The Art of Teaming, Part 2

The Art of Teaming, Part 2

In Part 1 of this blog series, I discussed the stages of team development (forming, storming, norming, performing and adjourning) and how important it is for healthy teams to experience each of these stages. As an example, I discussed a Scrum team I was a member of recently, which was made up of trainers and coaches from the Scrum Alliance®. Today, I will discuss the importance of addressing dysfunction to ensure team health, using that same Scrum team as an example.

It was the best of times; it was the worst of times…or so goes the famous Charles Dickens’ opening. Working with teams can feel the same way. It has moments of highs as we achieve together more than we could ever dream of achieving on our own, but also low points when we struggle as dysfunction emerges. Successfully working in teams means being able to successfully deal with dysfunction...and there was plenty of dysfunction that we had to deal with on our Scrum team.

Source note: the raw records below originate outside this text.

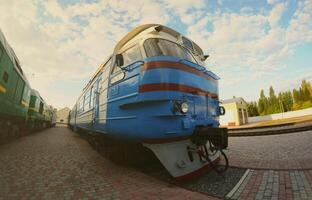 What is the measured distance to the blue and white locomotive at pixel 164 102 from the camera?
3668 mm

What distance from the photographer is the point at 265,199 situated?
9.82ft

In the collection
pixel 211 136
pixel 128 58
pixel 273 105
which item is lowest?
pixel 211 136

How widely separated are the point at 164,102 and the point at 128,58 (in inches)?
61.3

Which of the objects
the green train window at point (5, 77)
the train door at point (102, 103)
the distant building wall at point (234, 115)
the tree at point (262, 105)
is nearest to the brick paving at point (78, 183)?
the train door at point (102, 103)

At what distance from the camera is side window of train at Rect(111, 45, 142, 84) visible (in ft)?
13.9

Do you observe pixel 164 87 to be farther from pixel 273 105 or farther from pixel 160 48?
pixel 273 105

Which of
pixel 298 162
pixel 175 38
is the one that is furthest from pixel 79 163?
pixel 298 162

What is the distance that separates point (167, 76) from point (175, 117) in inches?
31.2

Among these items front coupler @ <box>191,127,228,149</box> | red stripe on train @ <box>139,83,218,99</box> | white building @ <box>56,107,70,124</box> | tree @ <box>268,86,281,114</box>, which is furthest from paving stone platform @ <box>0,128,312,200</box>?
white building @ <box>56,107,70,124</box>

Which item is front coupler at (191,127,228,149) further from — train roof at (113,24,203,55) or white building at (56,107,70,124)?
white building at (56,107,70,124)

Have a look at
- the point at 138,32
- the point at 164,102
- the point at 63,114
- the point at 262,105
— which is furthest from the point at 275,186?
the point at 63,114

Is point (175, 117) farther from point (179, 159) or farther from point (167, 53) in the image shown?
point (167, 53)

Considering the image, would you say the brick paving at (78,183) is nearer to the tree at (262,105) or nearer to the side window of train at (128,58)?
the side window of train at (128,58)

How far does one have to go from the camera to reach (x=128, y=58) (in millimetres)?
4531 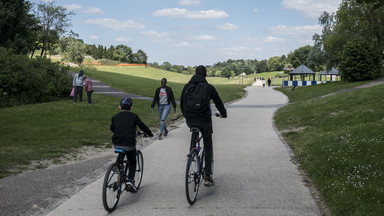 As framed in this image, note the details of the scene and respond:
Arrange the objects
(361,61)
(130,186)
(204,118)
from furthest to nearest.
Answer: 1. (361,61)
2. (204,118)
3. (130,186)

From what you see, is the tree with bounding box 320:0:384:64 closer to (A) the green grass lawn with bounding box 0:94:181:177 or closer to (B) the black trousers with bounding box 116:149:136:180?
(A) the green grass lawn with bounding box 0:94:181:177

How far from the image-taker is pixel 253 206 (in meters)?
4.98

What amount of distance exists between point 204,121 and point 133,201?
62.5 inches

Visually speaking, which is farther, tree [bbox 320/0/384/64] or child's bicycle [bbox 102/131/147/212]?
tree [bbox 320/0/384/64]

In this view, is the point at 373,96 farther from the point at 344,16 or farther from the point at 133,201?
the point at 344,16

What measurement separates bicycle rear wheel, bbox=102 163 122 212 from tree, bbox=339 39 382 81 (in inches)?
1445

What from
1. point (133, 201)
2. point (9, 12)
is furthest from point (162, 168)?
point (9, 12)

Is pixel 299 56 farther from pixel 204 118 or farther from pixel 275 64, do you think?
pixel 204 118

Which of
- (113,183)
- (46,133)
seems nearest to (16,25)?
(46,133)

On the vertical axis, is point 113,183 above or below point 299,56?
below

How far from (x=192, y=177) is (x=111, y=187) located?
1.13 m

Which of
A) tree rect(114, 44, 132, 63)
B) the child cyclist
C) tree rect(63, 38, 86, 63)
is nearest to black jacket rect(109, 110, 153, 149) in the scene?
the child cyclist

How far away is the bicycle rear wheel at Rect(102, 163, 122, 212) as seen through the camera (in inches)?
186

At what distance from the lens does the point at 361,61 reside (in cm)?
3684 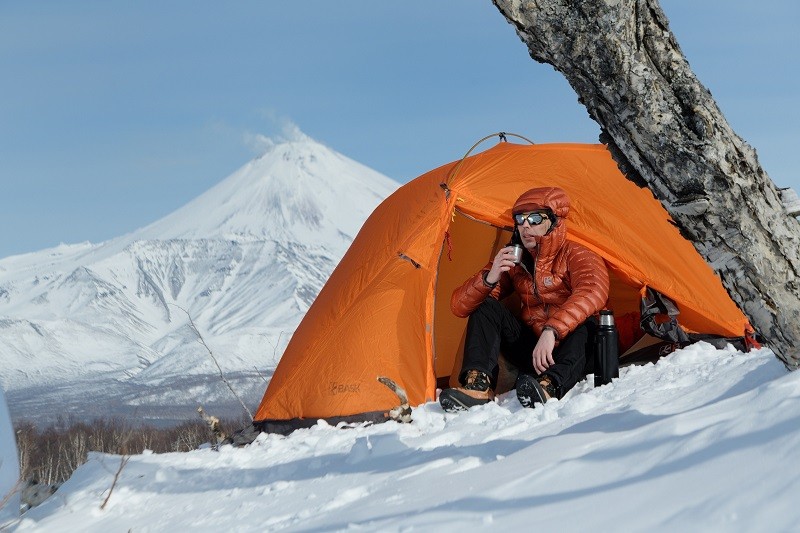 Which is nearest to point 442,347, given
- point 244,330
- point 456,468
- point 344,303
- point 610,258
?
point 344,303

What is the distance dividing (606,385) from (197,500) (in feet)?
7.14

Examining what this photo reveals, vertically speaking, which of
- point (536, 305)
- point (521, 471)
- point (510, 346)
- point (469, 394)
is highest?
point (536, 305)

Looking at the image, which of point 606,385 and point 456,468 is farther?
point 606,385

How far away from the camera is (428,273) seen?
20.7ft

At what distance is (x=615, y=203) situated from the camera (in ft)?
21.1

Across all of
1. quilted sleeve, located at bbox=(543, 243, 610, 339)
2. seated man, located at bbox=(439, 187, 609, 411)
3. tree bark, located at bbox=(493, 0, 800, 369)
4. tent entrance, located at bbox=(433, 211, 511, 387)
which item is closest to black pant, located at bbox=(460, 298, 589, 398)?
seated man, located at bbox=(439, 187, 609, 411)

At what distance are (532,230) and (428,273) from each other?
0.87 m

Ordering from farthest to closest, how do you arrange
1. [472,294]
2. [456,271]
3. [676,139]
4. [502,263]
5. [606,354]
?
1. [456,271]
2. [472,294]
3. [502,263]
4. [606,354]
5. [676,139]

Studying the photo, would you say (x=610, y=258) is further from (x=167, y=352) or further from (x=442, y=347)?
(x=167, y=352)

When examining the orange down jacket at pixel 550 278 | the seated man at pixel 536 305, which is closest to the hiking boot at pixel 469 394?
the seated man at pixel 536 305

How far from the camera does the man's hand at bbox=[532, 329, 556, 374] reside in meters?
5.34

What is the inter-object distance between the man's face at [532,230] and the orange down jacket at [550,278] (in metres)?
0.04

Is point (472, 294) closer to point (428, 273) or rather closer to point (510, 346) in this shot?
point (510, 346)

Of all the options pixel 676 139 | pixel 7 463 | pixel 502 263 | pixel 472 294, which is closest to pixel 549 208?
pixel 502 263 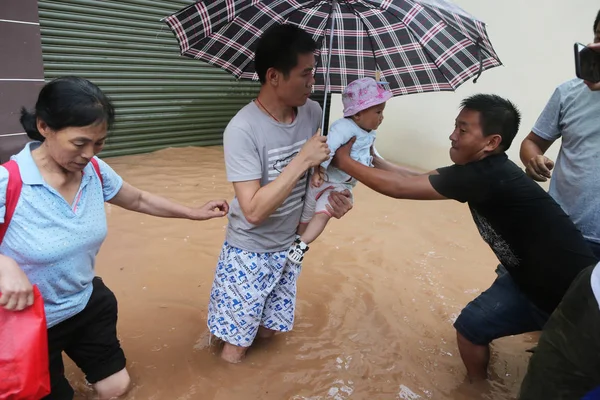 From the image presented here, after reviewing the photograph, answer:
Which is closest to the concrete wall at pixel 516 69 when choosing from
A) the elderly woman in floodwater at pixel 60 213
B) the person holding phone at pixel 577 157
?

One approach we used to deal with our dysfunction was to create a set of working agreements that all team members agreed to be accountable to. Working agreements are created by a team at the start of their time together – usually when they are not yet under pressure or experiencing dysfunction in any major way. These agreements are a proactive approach to address team dysfunction. Working agreements are created when times are good for the team to fall back on when times become more challenging. Working agreements continue to evolve over time as the team adds, removes and adjusts the agreements to reflect their current situation. Our team’s working agreements included:

  • Our daily schedule and check-in times
  • What to do when our energy wanes
  • Work continues without everyone present
  • No one person’s voice outweighs another
  • The stewardship of ideas
  • Seek first to understand
  • Who will fill the role of facilitator for the team
  • What’s ok to communicate outside of the team
 
 

To generate this list our facilitator simply asked the team at the start of our time together what working agreements we felt were important to have as a team. We brainstormed a list of items important to each of us and agreed as a team on each item individually as well as on the list as a whole.

Having this set of working agreements helped the team work well together as it brought an overall awareness of things, such as our tendency to bring our own ideas forward before another’s idea has run its course – represented by the working agreement to “seek first to understand”. Having start and end times in our working agreements removed ambiguity and brought consistency to the expectations of our time together. Teams often find that having a set of core hours (ie. times when all team members are available during the day) is helpful for scheduling Scrum events and to know when other team members are available for collaboration and discussion.

Team working agreements are also helpful when bringing new team members up to speed. We had team members join our team mid-way through our Sprint so one of the first things we did was to review the team working agreements with them. We confirmed their understanding of the working agreements, and asked if there was anything else they felt was important to have represented in the working agreements. Doing so turned out to be an excellent way to quickly get everyone on the same page and ready to contribute to the work of the team.

The second approach we took to address team dysfunction was more reactionary and involved team members calling out the dysfunctions as we encountered them, often during the Daily Scrum. Clear working agreements established ahead of time gave each of us confidence to call out dysfunction as it was observed. Not only was this expected of us as team members, it was ultimately for the benefit of the team.

Through the week, our team of trainers and coaches encountered several more common dysfunctions that teams encounter on the way to becoming high-performing. These included:

  • A distributed team spanning two time zones 8 hours apart
  • Changes to team membership during the sprint
  • PO who was also a team member, which introduced bottlenecks getting our work accepted
  • Synchronizing work between the two locations of our distributed team
  • Exceeding time-boxes
  • Quiet talkers during the Daily Scrum

By collaboratively creating working agreements and addressing dysfunctions as they arose, the team grew stronger together and more able to accomplish our goals.